Her dersin kendine özgü her kişinin de kendi tarzı olan bir
öğrenme şekli vardır. Vasat bilgi sunumlarını herkes kulaklardı ederek
–önemsemeden almış gibi görünür. Bilgi sunulurken işe yarayacağı garantisi
verilir ve öğrenen kişi ikna edilirse o bilginin unutulma gibi bir lüksü
yoktur. Nasıl bilgi canlı tutulur? Bir kere öğrenirken keyif ya da acı varsa
işin içinde bilgi öyle ya da böyle hatırlanır yani zor unutulur. Bilginin
akılda kalması, istenildiğinde kullanıma hazır olması ve canlı tutulması olayı
her babayiğidin harcı değildir. Bunlar zekâyla doğru orantılıdır. Öğrenen
kişilerinde zekâ yapılarına uygun çalışma tarzları vardır. Zekiler sadece
izledikleri zaman olayı kavrarken, bir diğerleri tekrar edip –yazıp-çizip- not
alarak ve çalışarak öğrenirler. Sadece bunlar da yetmez. Bazılarında akılda tutamama hastalığı vardır.
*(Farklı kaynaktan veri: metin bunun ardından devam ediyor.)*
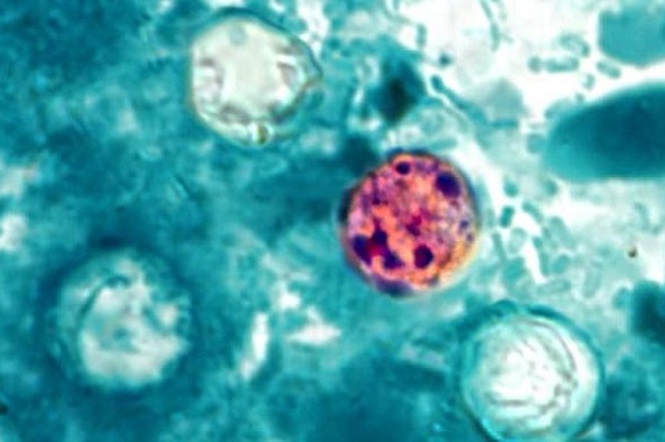 Parasite that causes ‘explosive diarrhea’ has infected over 1,000 in 17 states - here is how to stay safe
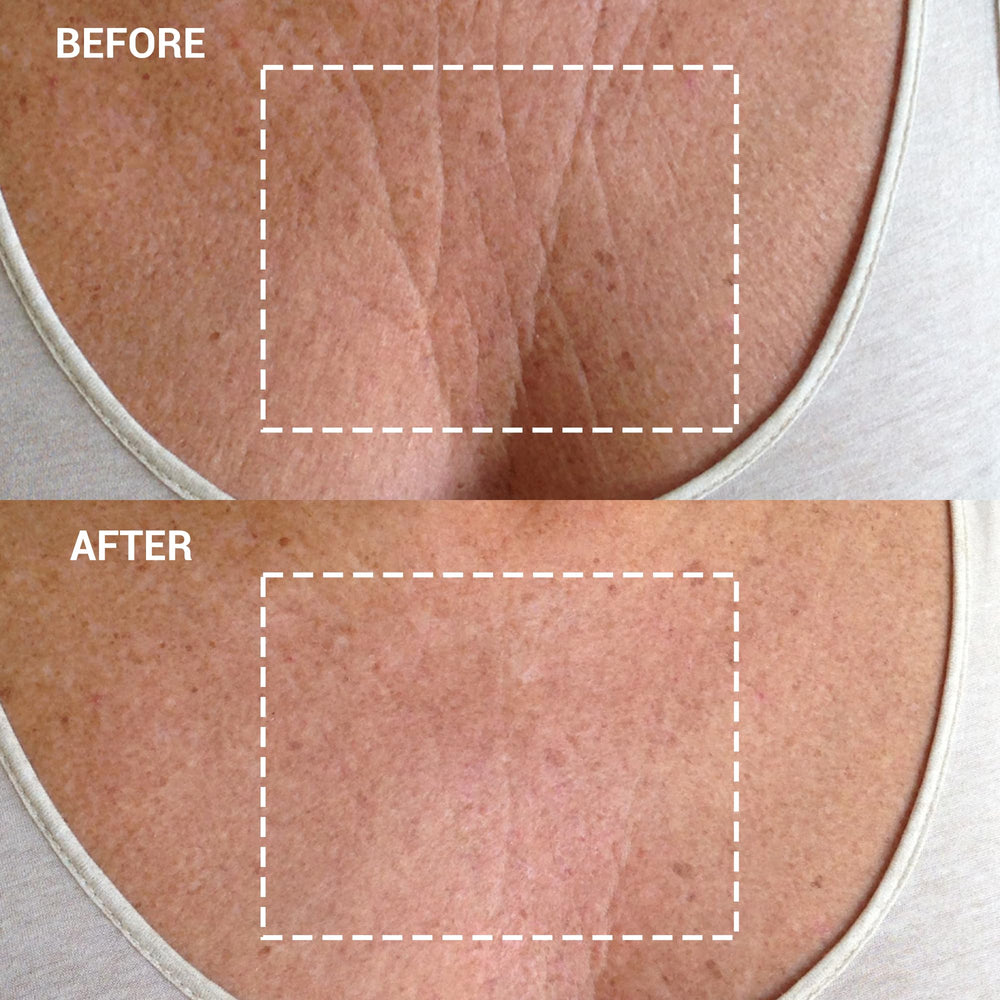 Wrinkles Schminkles Silicone Patch reusable closeup for overnight smoothing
Örneğin: Ezberlemeyi öğrenme sanan bir gurup hala vardır. Ezberletilenin dışına
çıkıldığında kişi donup kalır. Kalması da normaldir. Mantığa dayalı öğrenenler
ise araştıran, ikna edilmesi o kadar kolay olmayan kişilerden oluşur ki- “Ne veriyorsam
al, gerisini boş ver sorgulama! “ tarzındaki kolaya kaçan; işi devlet memurluğuna çeviren kişilerde
“Sorduğu soruya cevap veremezsem karizmam gider.” Kaygısı yaşayan
öğretmenlerden ders alan mutsuzlaştırır ve hemen teşhisi koyar. “Bilse
söylerdi.” Herkesin bilmesi gereken şey dünyada olup biten ve devam etmekte
olan her şeyi öğrenmiş- öğrenecek insan yoktur zira ömrü yetmez. Bildiklerinle
gurur duyacaksın ve bilmediklerinle de utanmayacaksın… En kötüsü “Biliyormuş”
gibi görünerek komik duruma düşmektir.